Albümün dördüncü şarkısı Don’t Reach For Me. Bu şarkı da yayınlanan teklilerden ikincisiydi. Kesinlikle albümdeki en akılda kalır şarkılardan biri. Nakaratın o tatlı melodik riffi aklınıza kazınıyor ve tekrar tekrar istiyorsunuz. Parçada o kadar çok farklı breakdown var ki, hepsi de ritmik olarak akılda kalıcı ve her biri farklı sert hatlara sahip. “When your arms are too weak to reach for God / Don’t reach for me” Şarkıda o kadar fazla öfkeli çağrı var ki.. Kesinlikle albümdeki en iyilerden birisi.
Albümün 46 saniyelik en kısa şarkısı olan beşinci şarkı Moss Covers All. 46 saniye olmasına rağmen bir şekilde yine breakdown koymuşlar. Tüyler ürpertici akılda kalan melodisi ile kesinlikle bir korku filminin içinde hissediyorsunuz.

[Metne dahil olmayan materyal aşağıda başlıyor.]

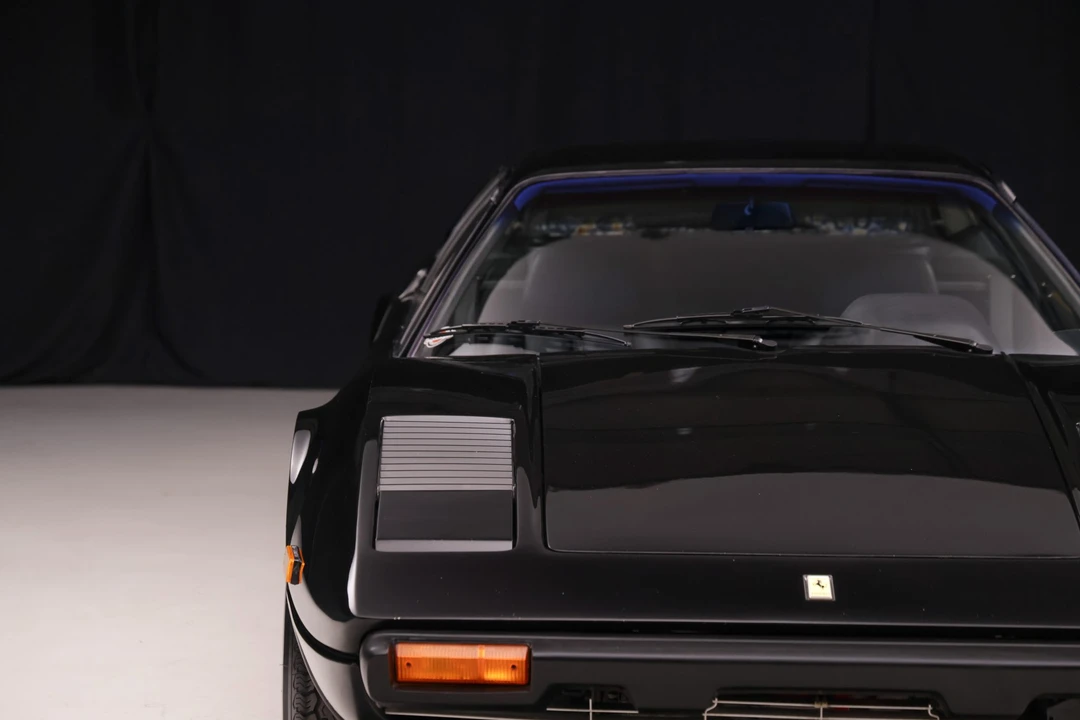 1979 Ferrari 308 GTB - Image 19 of 31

Altıncı şarkı Take Me Home da Moss Covers All’daki o tüyler ürpertici riff ile başlıyor ve duymaktan aşırı keyif aldığım bir bas gitar tonuyla şarkıya giriş yapıyor. Funky davullar ve havalı, hipnotik bir merkezi riff, yalnızca grubun yerleşik yeteneği için çalışmakla kalmayıp, aynı zamanda tanıdık, vurgulu vokalleri yeniden takdir edebilecekleri şekilde çerçeveleyen yeni bir stil oluşturuyor.

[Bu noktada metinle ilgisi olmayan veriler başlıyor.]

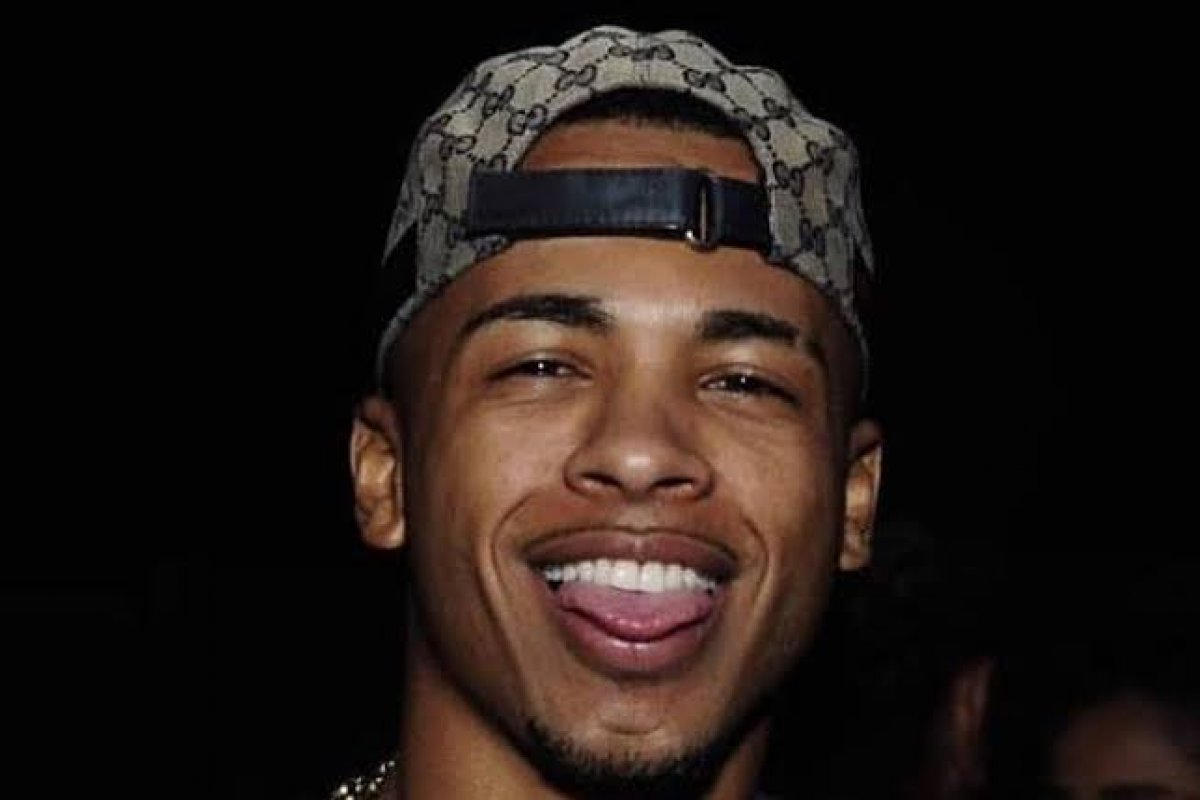 STJ concede habeas corpus ao DJ Rennan da Penha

Yedinci şarkı Slaughterhouse 2. Abi Slaughterhouse 1 tuttu bunun 2’sini yapalım diye ilk kimin dediğini merak ediyorum. Şarkıyı tabii ki de, hem Motionless In White hem Knocked Loose hayranı olan çoğu insan gibi, büyük bir beklentiyle dinlemeye başladım. Ama açıkçası Chris Motionless şarkıyı ne yükseltmiş ne de düşürmüş. Pek bir etkisini görememiş olsam da yine de bir Knocked Loose şarkısı içinde “blegh” duymak beni tatmin etmeye yetti.
Sekizinci şarkı The Calm That Keeps You Awake. Yine o korku temasına yaslanıyor. Yaptıkları müziğe Horror Hardcore demek istiyorum. Albümün en akılda kalan davuluna da sahip.
Albümün ilk teklisi ve dokuzuncu şarkısı Blinding Faith. Grubun gitaristi Isaac Hale, albüm için yaptığı bir açıklamada, “Bu albümde şimdiye kadar gittiğimiz en hızlı yere gidiyoruz, şimdiye kadar gittiğimiz en korkunç yere gidiyoruz. Aynı zamanda şimdiye kadar gittiğimiz en akılda kalıcı ve en melodik olana da gidiyoruz ve mesele de bu.” demişti. İlk tekli olarak çıkan ‘Blinding Faith’ tam da bunu yapıyor. Şarkıda bizlere hızlı ve olağanüstü tempo değişimlerini etkili bir şekilde kullanarak, dini kurallara uymanın ve görünüşte dindar yaşam tarzlarında sıklıkla görülen ikiyüzlülüğün keskin bir eleştirisini sunuyorlar.
Ve albümün en uzun şarkısı olan, kapanış şarkısı Sit & Mourn. Kesinlikle albümdeki açık ara en deneysel ve riskli parça diyebiliriz. Sürekli hep en sert biziz daha sert daha sert diyen bir grup için bu şarkıyı neredeyse bir balad olarak tanımlayabilirim. Açılış gitarının derin, melankolik ses manzarası bizleri hüzünlü bir atmosferin içine alıyor. Şarkı aşırı akılda kalıcı bir nakarata da sahip. Kesinlikle duygusal bir parça.
Albüm için kesinlikle beklediğime değdiğini söyleyebilirim. Büyük ihtimalle bu yıl en çok dinleyeceğim albüm olacak. Ve Knocked Loose albümleri içerisinde de en çok sevdiğim albüm olmayı şimdiden başardı. 27 dakika 33 saniyelik süresiyle her anın hakkını kesinlikle veriyor.